_WHAT YOU SHOULD DO_
Starting at the first line of the entries below, please return exactly each line up to and including the one with "FIG 5. Quantitative"; pictures stay out.

Dataset items:
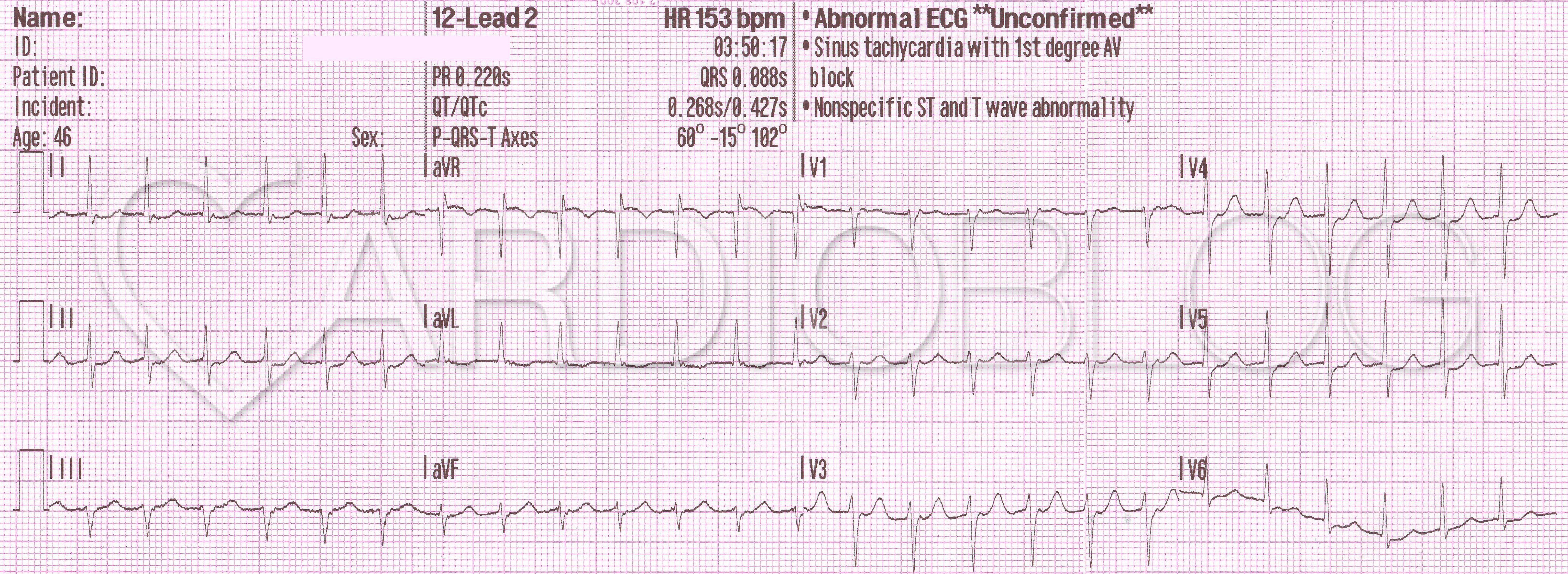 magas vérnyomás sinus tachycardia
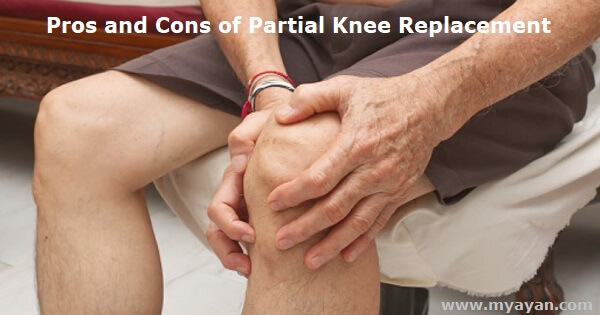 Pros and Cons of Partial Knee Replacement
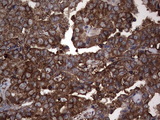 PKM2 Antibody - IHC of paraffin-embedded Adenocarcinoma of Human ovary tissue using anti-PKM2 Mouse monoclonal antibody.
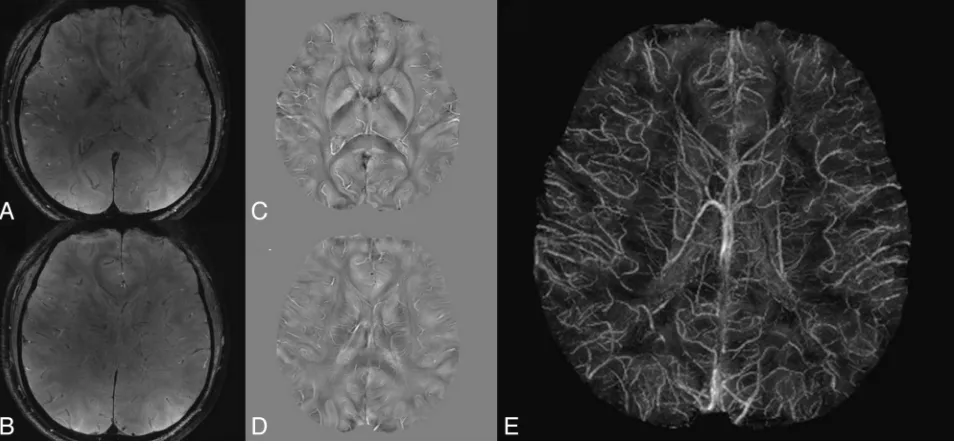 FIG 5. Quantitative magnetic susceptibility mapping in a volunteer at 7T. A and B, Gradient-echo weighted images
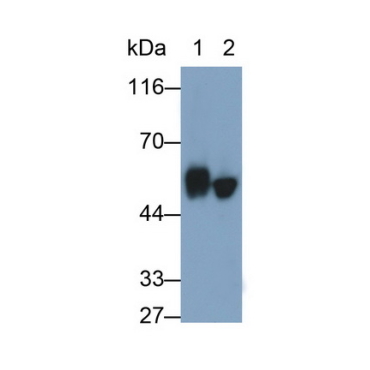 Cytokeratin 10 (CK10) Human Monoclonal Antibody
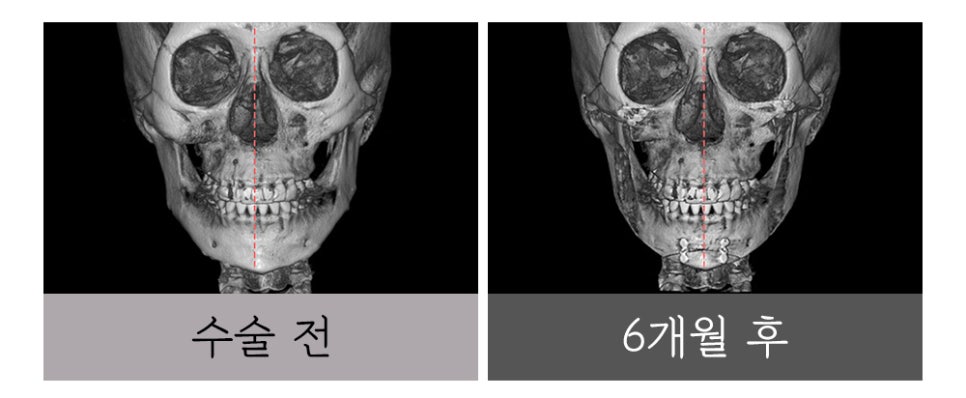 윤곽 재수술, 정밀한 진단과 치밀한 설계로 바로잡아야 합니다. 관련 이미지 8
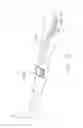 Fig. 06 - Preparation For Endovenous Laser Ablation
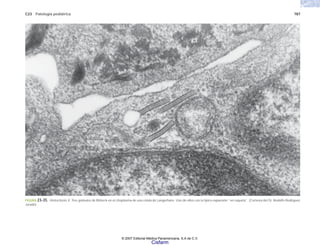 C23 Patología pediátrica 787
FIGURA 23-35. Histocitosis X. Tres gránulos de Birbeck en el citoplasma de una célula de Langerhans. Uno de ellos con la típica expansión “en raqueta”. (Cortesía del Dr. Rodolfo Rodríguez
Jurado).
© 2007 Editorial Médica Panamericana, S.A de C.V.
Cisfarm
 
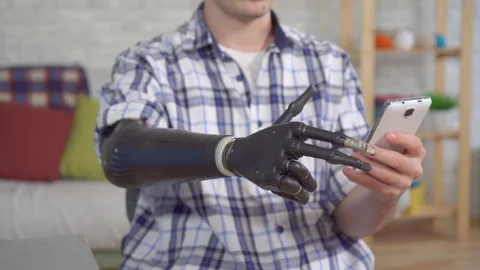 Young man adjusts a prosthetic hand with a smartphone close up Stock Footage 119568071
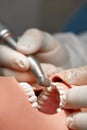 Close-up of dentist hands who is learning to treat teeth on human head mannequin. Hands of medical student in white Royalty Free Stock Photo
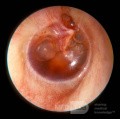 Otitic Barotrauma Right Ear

_WRITTEN RESPONSE_
 magas vérnyomás sinus tachycardia
 Pros and Cons of Partial Knee Replacement
 PKM2 Antibody - IHC of paraffin-embedded Adenocarcinoma of Human ovary tissue using anti-PKM2 Mouse monoclonal antibody.
 FIG 5. Quantitative magnetic susceptibility mapping in a volunteer at 7T. A and B, Gradient-echo weighted images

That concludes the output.